Data shown:

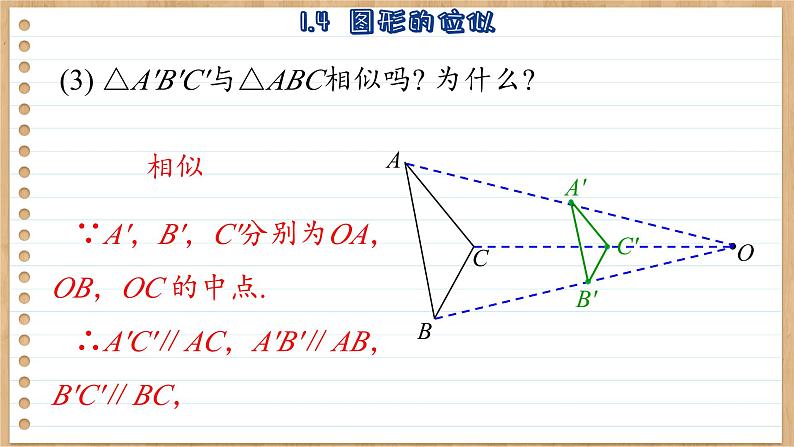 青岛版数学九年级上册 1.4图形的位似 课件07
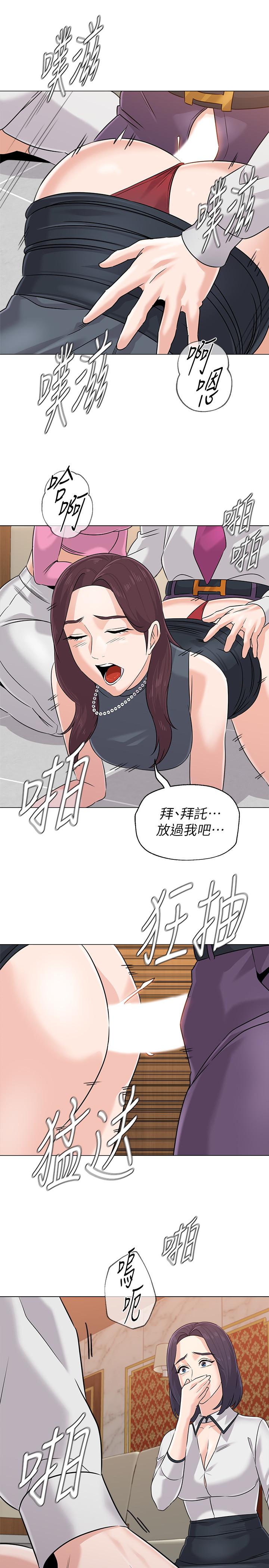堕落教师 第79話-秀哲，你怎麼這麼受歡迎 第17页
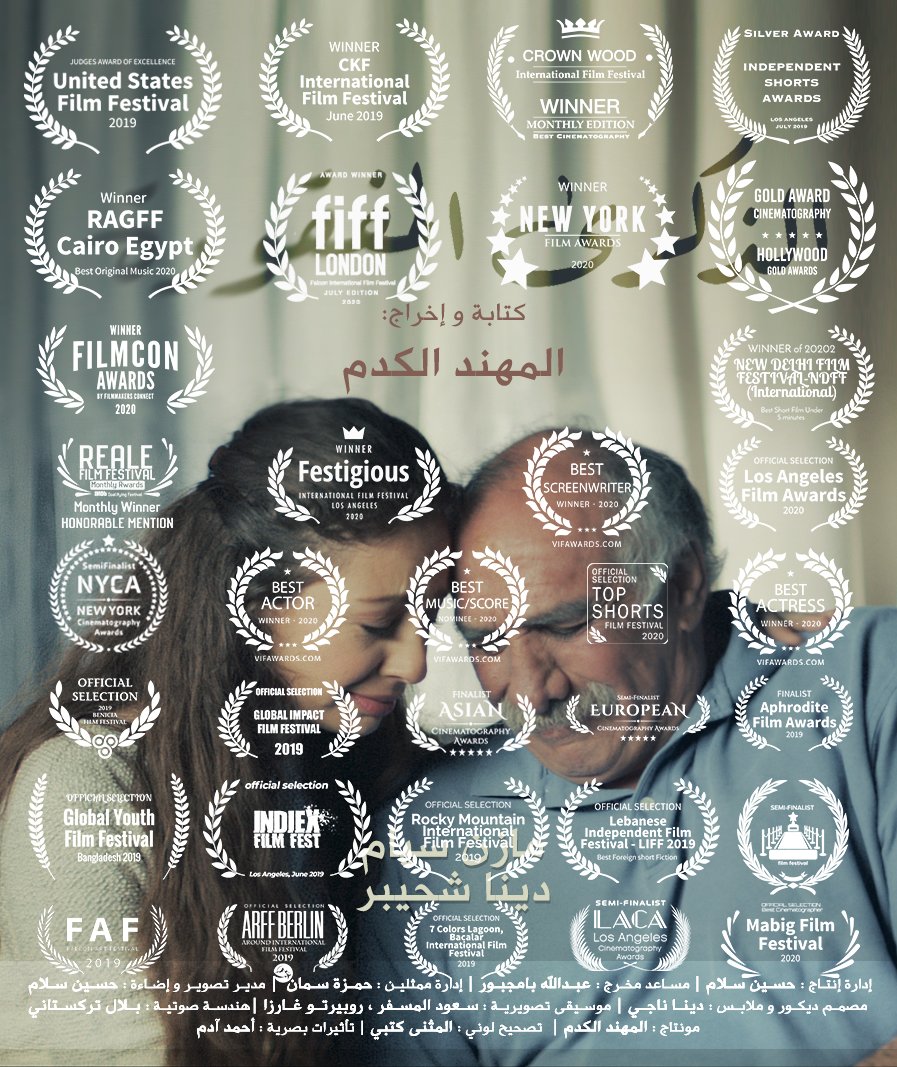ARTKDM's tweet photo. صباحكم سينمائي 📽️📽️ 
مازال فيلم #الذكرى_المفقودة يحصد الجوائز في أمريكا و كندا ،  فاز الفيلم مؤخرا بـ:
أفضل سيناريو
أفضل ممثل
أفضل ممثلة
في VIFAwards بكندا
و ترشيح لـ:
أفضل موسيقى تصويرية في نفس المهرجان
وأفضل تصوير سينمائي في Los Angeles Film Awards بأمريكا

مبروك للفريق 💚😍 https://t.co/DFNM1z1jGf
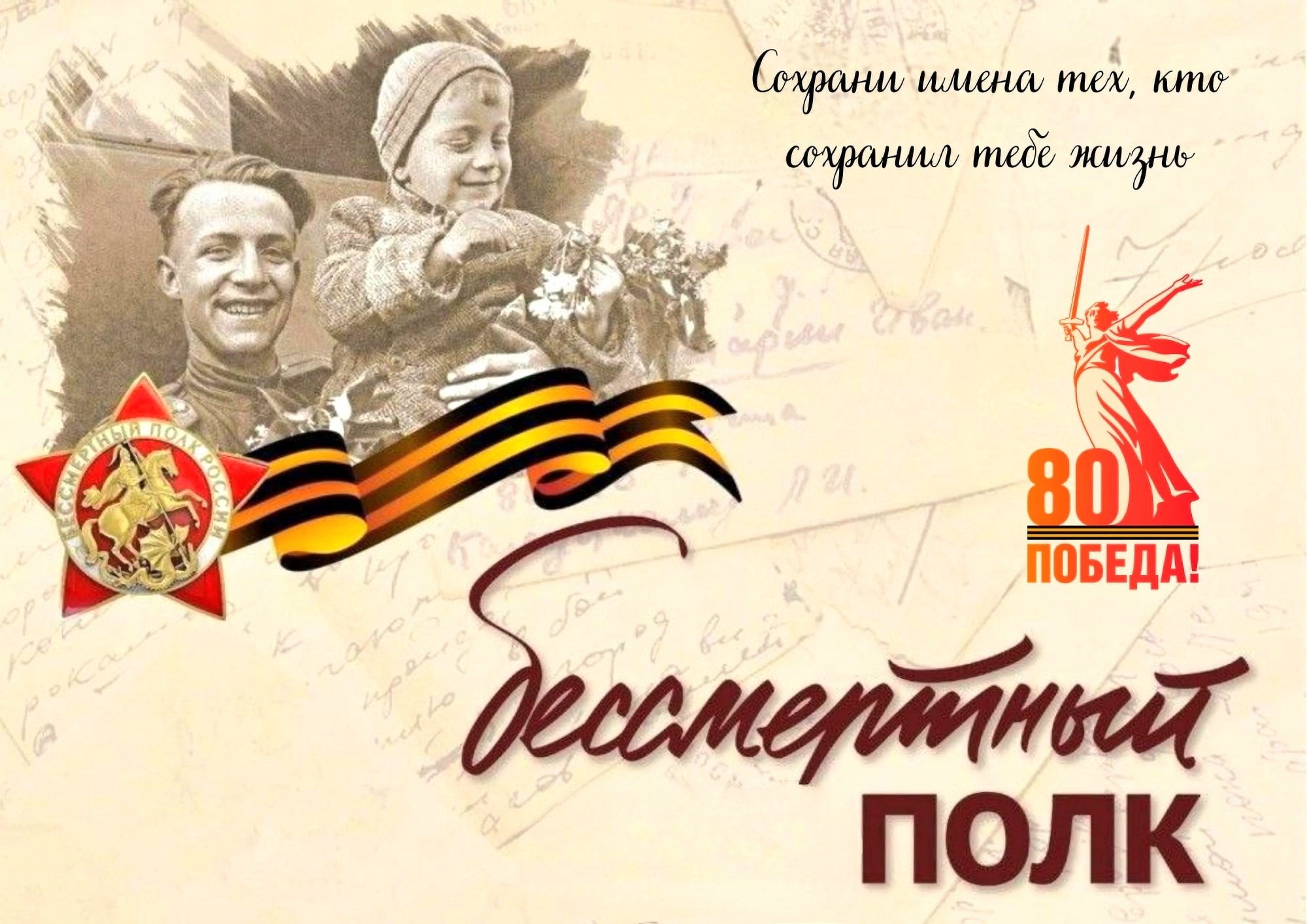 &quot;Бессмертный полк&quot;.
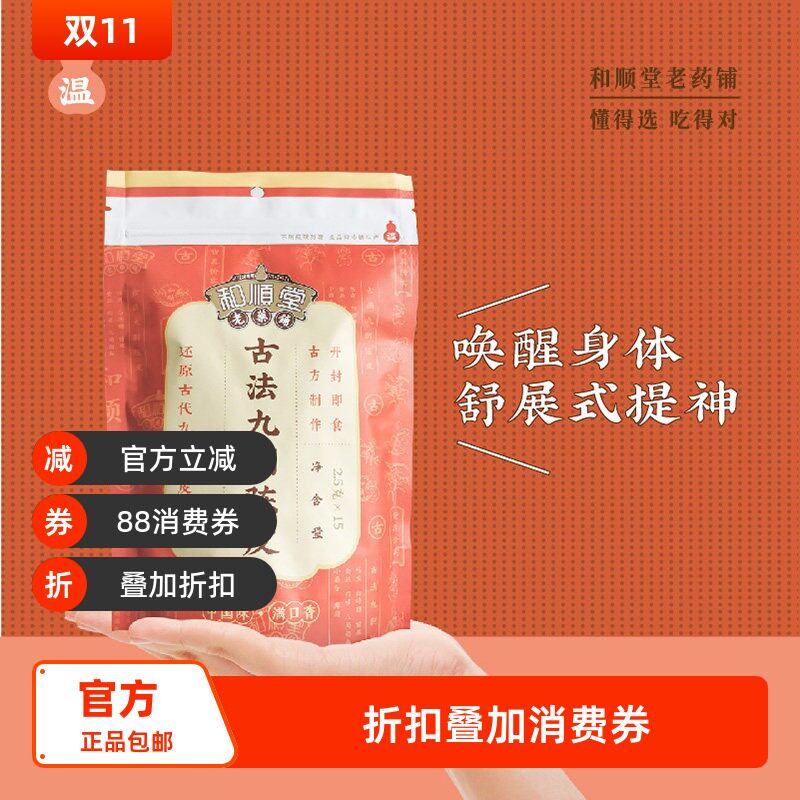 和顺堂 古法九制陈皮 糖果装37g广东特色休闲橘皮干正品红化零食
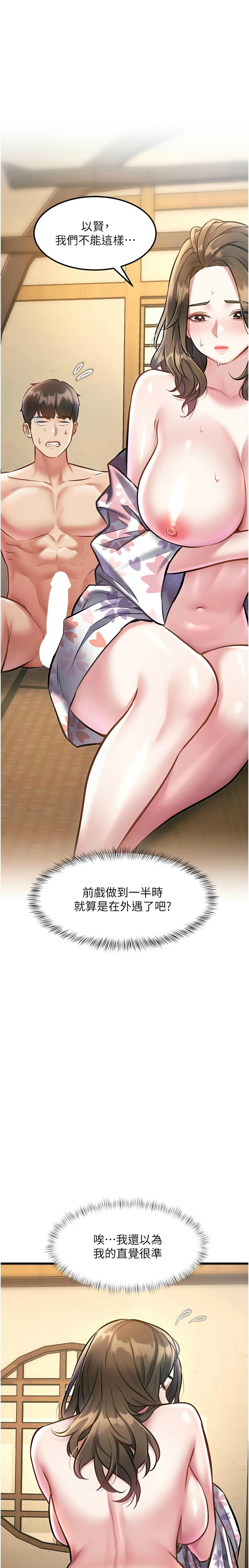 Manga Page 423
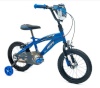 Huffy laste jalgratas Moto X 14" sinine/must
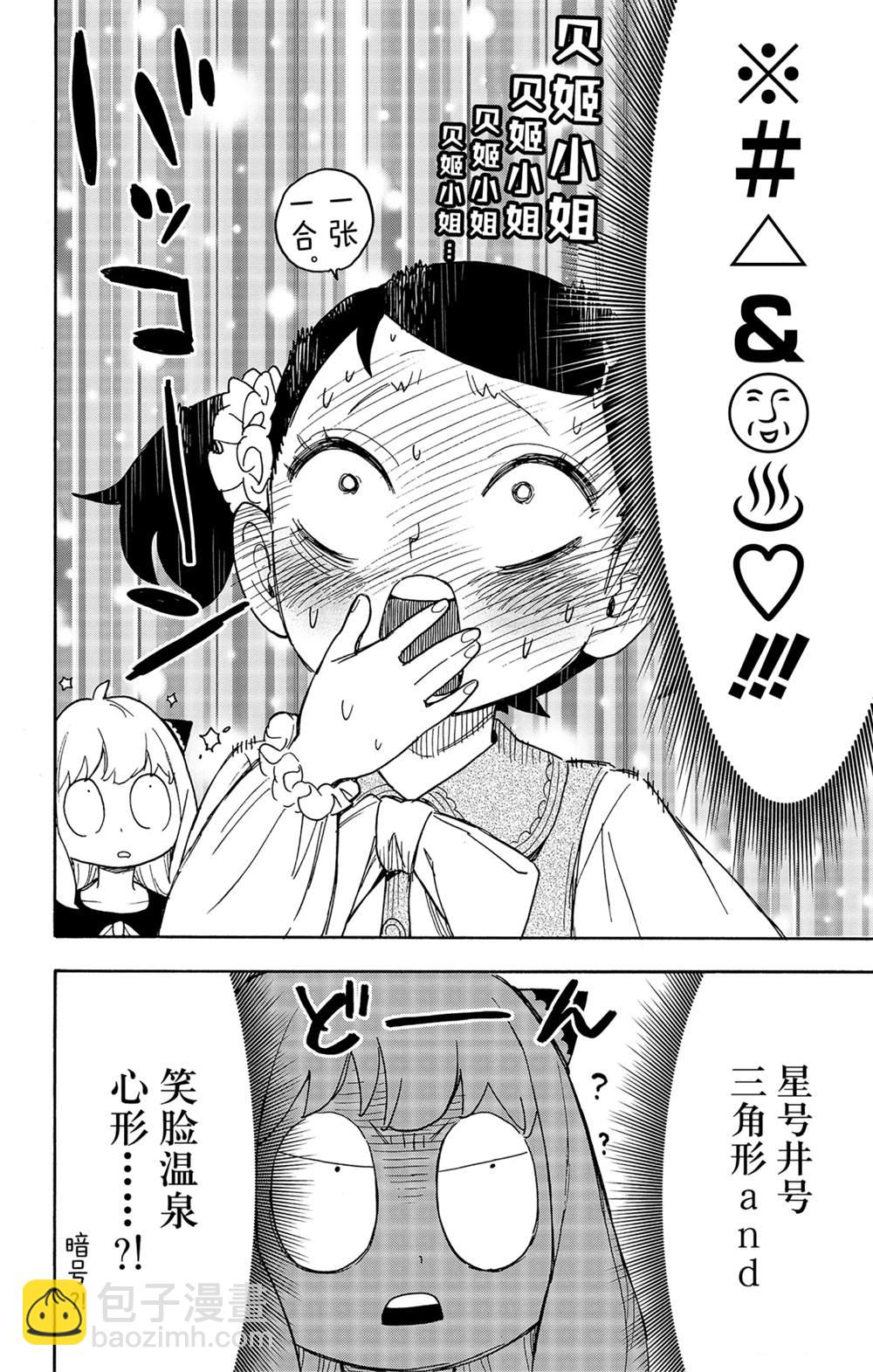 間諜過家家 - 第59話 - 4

Work item: Having located the line with "أفضل موسيقى تصويرية في نفس المهرجان", copy it exactly along with every later line through the end of the listing above, but omit the pictures.

Expected answer:
أفضل موسيقى تصويرية في نفس المهرجان
وأفضل تصوير سينمائي في Los Angeles Film Awards بأمريكا

مبروك للفريق 💚😍 https://t.co/DFNM1z1jGf
 &quot;Бессмертный полк&quot;.
 和顺堂 古法九制陈皮 糖果装37g广东特色休闲橘皮干正品红化零食
 Manga Page 423
 Huffy laste jalgratas Moto X 14" sinine/must
 間諜過家家 - 第59話 - 4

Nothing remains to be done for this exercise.